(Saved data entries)
________________

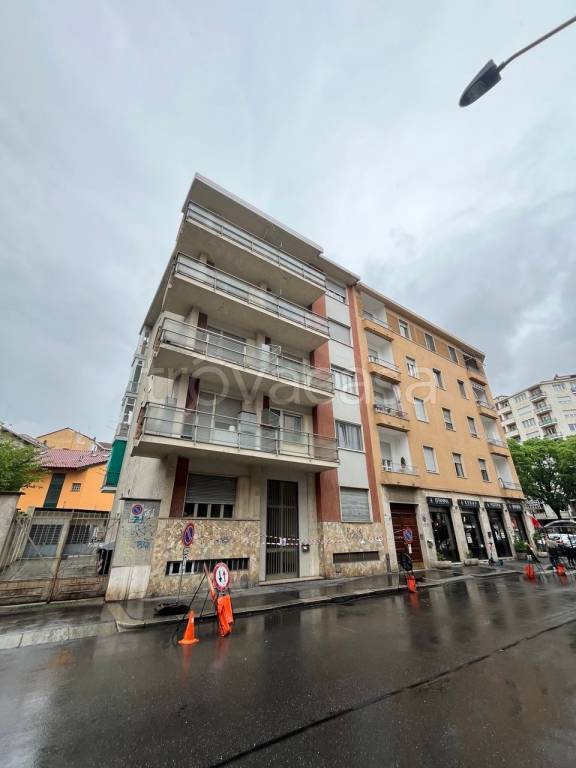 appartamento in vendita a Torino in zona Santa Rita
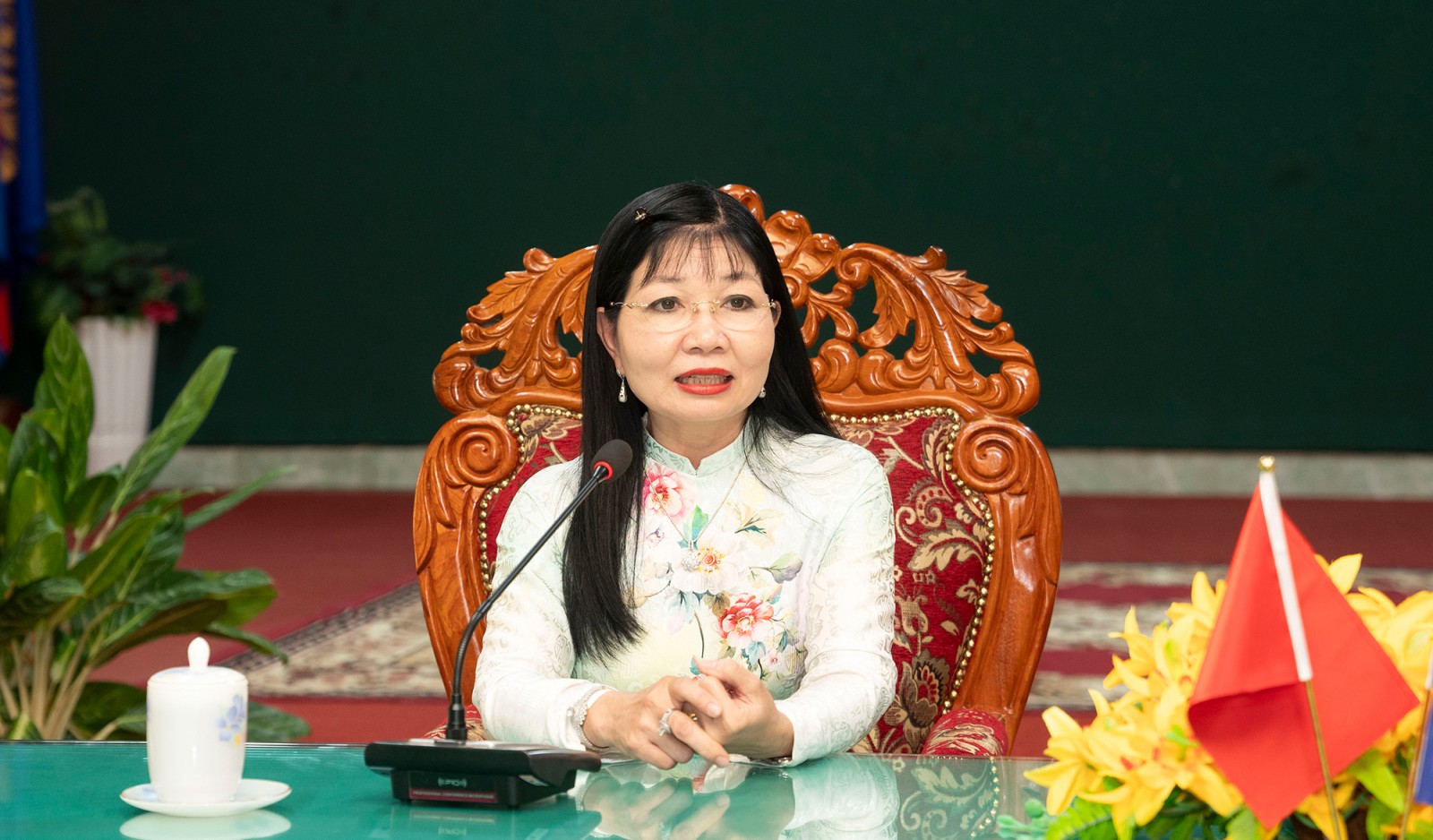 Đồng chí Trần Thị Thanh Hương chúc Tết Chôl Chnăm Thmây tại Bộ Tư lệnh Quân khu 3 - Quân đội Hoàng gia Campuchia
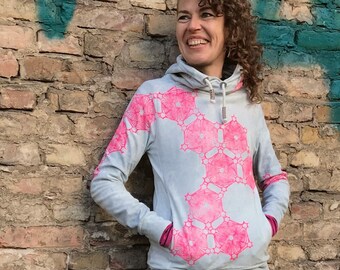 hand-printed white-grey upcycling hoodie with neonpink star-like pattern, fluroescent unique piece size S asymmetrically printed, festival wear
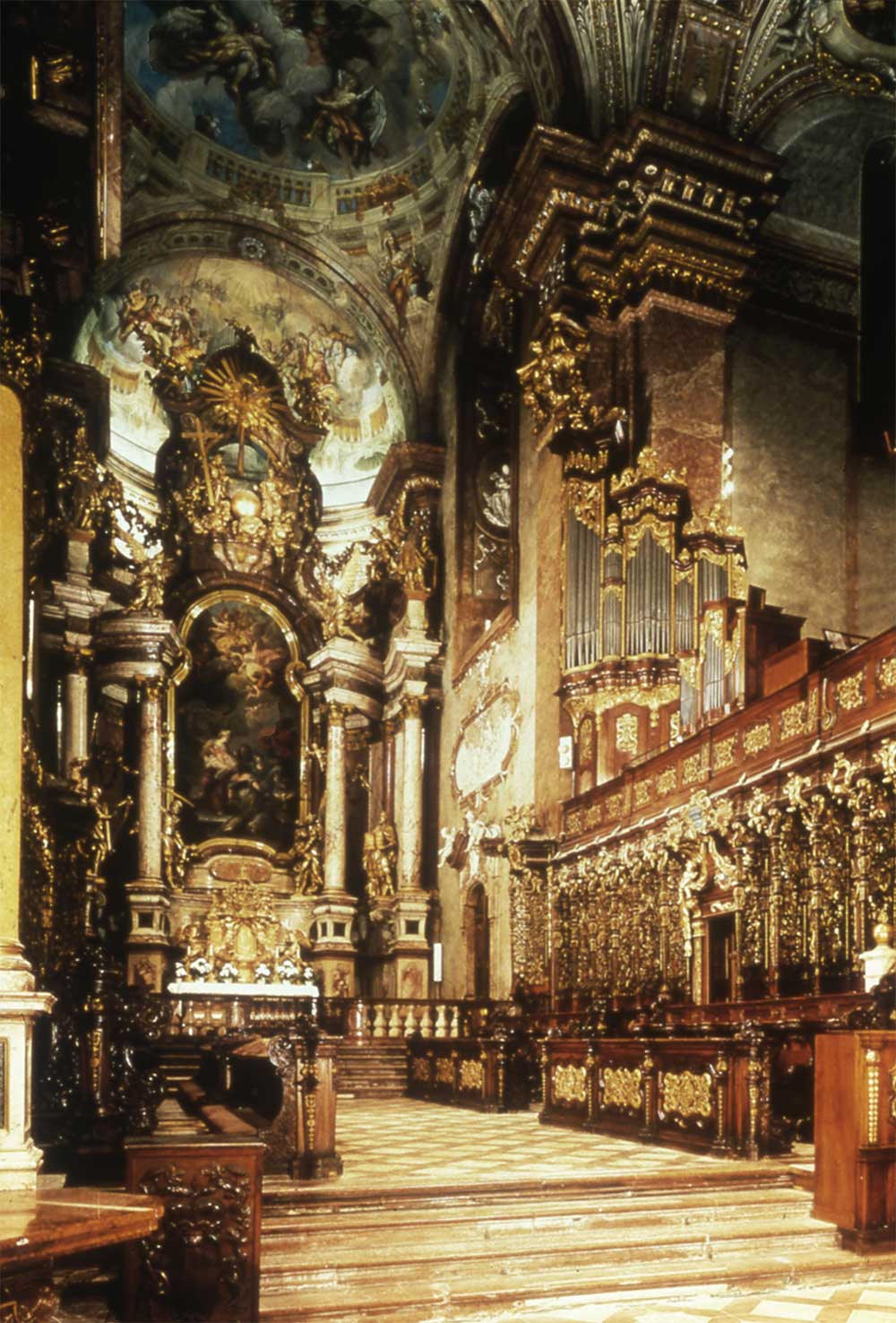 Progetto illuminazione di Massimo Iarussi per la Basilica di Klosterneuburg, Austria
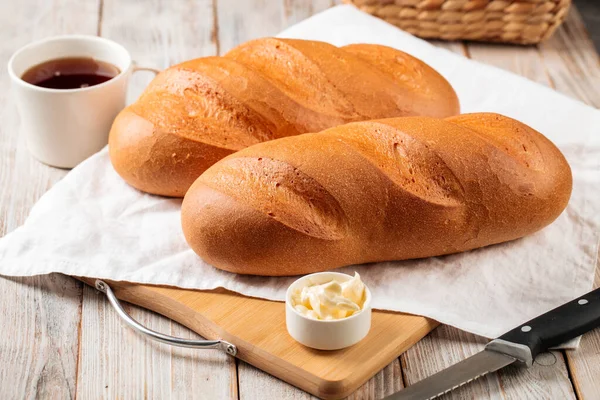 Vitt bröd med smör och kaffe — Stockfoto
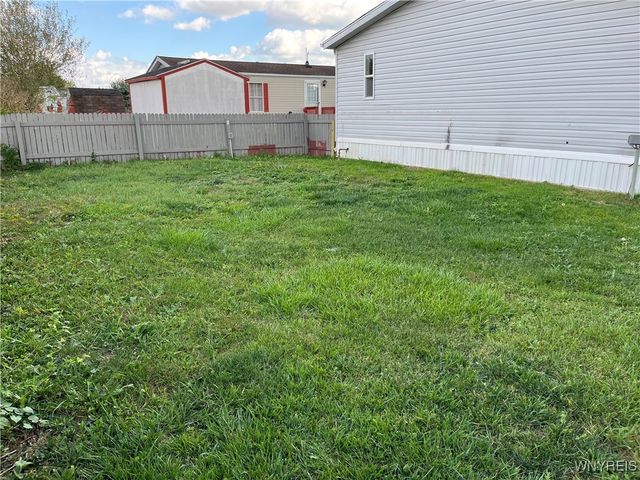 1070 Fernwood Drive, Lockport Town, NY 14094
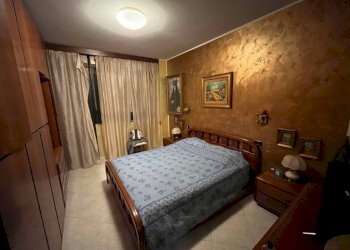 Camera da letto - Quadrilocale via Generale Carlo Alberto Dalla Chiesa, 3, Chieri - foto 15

________________

• **What to do**
Find the line containing "Progetto illuminazione di" in the records above, then copy it and every line after it exactly, through the last one, without any pictures.

• **Solution to this exercise**
 Progetto illuminazione di Massimo Iarussi per la Basilica di Klosterneuburg, Austria
 Vitt bröd med smör och kaffe — Stockfoto
 1070 Fernwood Drive, Lockport Town, NY 14094
 Camera da letto - Quadrilocale via Generale Carlo Alberto Dalla Chiesa, 3, Chieri - foto 15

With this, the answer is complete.